Esta visão era, na verdade, propícia ao contexto histórico de lançamento dos livros. Como eu comentei, até 1929, o mercado vivia os anos do florescimento cultural cosmopolita, a consolidação da indústria e o crescimento vertiginoso da economia, que se baseava no consumo desenfreado das então chamadas novas tecnologias. A situação mudou drasticamente quando a crise veio e abalou profundamente todas as estruturas da sociedade americana e, por isso, um dos modos de recuperar os valores que, em meio à miséria que corria solta o território, seriam capazes de fazer um povo se levantar unido e trabalhar por quase nada, em vez de se revoltar, era resgatar a velha história dos valores do homem que constrói o próprio sonho a partir de nada além de poeira e do suor do seu trabalho. Esse esforço ideológico realizado por escritores e por Hollywood foi muito bem acolhido por todos, e ajudou a [re]construir o país forte, seguro e poderoso que hoje conhecemos (e aí, é claro que não coloco questões políticas, econômicas ou trabalhistas em discussão, numa pequena resenha, mas que existiram, existiram sim e foram documentadas por historiadores e pela mídia).

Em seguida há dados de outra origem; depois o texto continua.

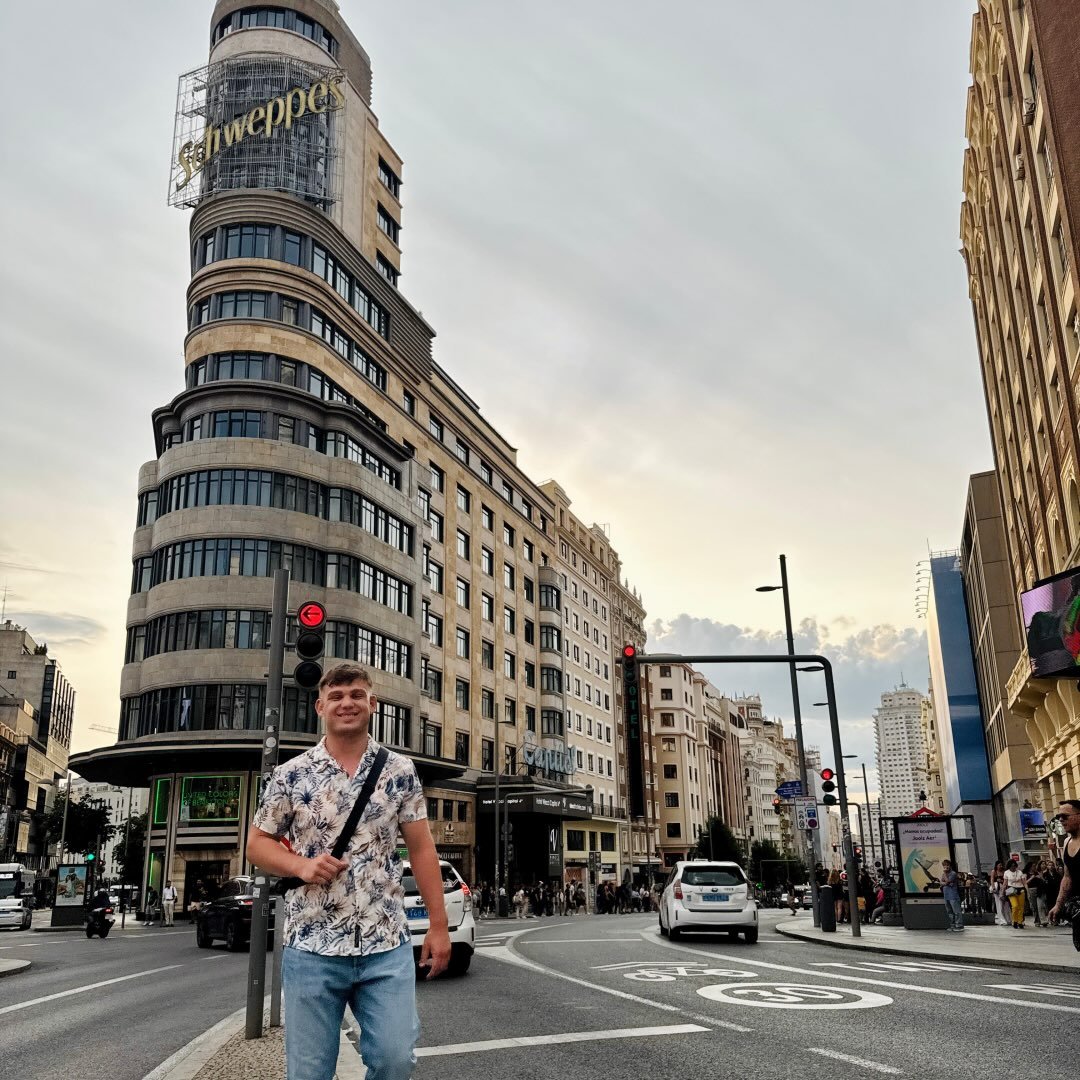Instagram Profilbild von emil.thiele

Como vemos hoje, histórias como a de Zane desencadearam os heróis que vieram de outras eras e de outros contextos -- o caubói do espaço, o desbravador de planetas e terras inóspitas, e todo tipo de literatura que dá asas à imaginação de um público que, por sua característica etária, está se descobrindo e se afirmando em todos os sentidos. E, nesse sentido, obras como Caçadores de cavalos e Nevada (que veremos adiante) não só reafirmam uma nação, mas ajudam-nos a resgatar o espírito da identidade própria e da autonomia de ações em prol do bem -- ainda que utopicamente.